Mont Tremblant is a gorgeous place with massive amounts of water going through it. With 3 rivers running through it, there are plenty of lakes, waterfalls, and streams all over the place for any visitors to enjoy. With 3 neighboring towns it is also easy to get out of the wild for a split second and enjoy the pleasures of small adventure driven towns. In our case this involved us driving to St. Donat near the discovery center we were at, and spending some time refueling our tanks, literally and figuratively, before heading back to our campsite.
Once we were back at our campsite, we realized that the area where our tent had originally been set up was the only spot in the entire area that had collected any amount of water. We also realized several of our neighbors had also left their campsites for good. We pitched our tent in a much more logical place and then got everything going once more. The night was dry and the sky was starry this time around, and as we sipped on wine in front of the campfire’s light, we gazed at the sky and talked about the days to come.
It had been easily a year since we took some time off to be outside of the city and disconnect ourselves from work and daily life. Even though we have taken time off and even went on a similar trip, albeit with an unpleasant outcome, we felt as if we had only done this for the first time in a long time. It was at this point that we decided that this needed to be somewhat of a part of our routine. So to speak. The night went darker as we talked, and our fire went dimmer. We eventually went inside our tent to the sounds of birds calling for company and coyotes howling in the distance.
The next morning, our last at the park, had a much less hectic pace than the two previous ones — the first one preparing to leave to the park, and the second one preparing to escape the rain — as we calmly got a fire going, had breakfast, and eventually started packing up.
We were smarter this time in that we went outside of the park to drive to a different section, instead of driving through the small roads of the park, and were in a completely different section in less than an hour. We went for two very small hikes and saw a couple of waterfalls, with one of them being one of the biggest I have seen in the middle of a park.
Even though this was the thanksgiving weekend, which was also the last camping weekend of the season, we were lucky to enjoy very little people in the park overall thanks to the rain. We went on a much larger trip last year to Jacques-Cartier (we wrote briefly about this trip in our shared blog) and there were massive amounts of tourists there just to look at the colors. Not so much this time though, as the park was for the most part devoid of any life and running into anyone was surprisingly uncommon.
Once we were done hiking for the day, we rebuilt our mountain bikes and went on a gorgeous 14 kilometer loop through the southwest area of the park.

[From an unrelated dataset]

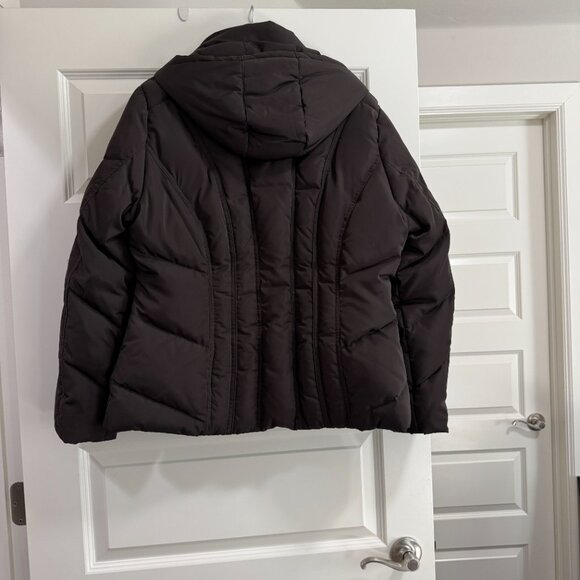 Calvin Klein chocolate ski jacket with hood. Size XL - Picture 4 of 6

Even though we decided to invest in mountain bicycles to do more adventurous trips this year, we did not use them for this purpose as much as we would have wanted to, so this weekend was a good way to close the season and to start making plans for next year, or perhaps for the end of the year elsewhere. There are a few routes to do mountain biking in the park, which are mostly accessible by car, though we were happy to see there was a section reserved for cyclists looking to camp, which we used in other parks in the past. This is a good initiative parks in Quebec have, and something that I am sure many bike tourists and bikepackers appreciate when they find themselves in the middle of a park without a place to stay.
When all was said and done, we packed all of our gear on to go back home, albeit with a small stop at the village of Mont Tremblant to indulge in some food and coffee, and then were in Montreal no more than 2 hours later. It is good to know that the location we chose to live in is not only great to get in and out of the city by foot or bicycle, but that it also offers quick gateways out of town by car.
More adventures will come soon, which I am really looking forward to.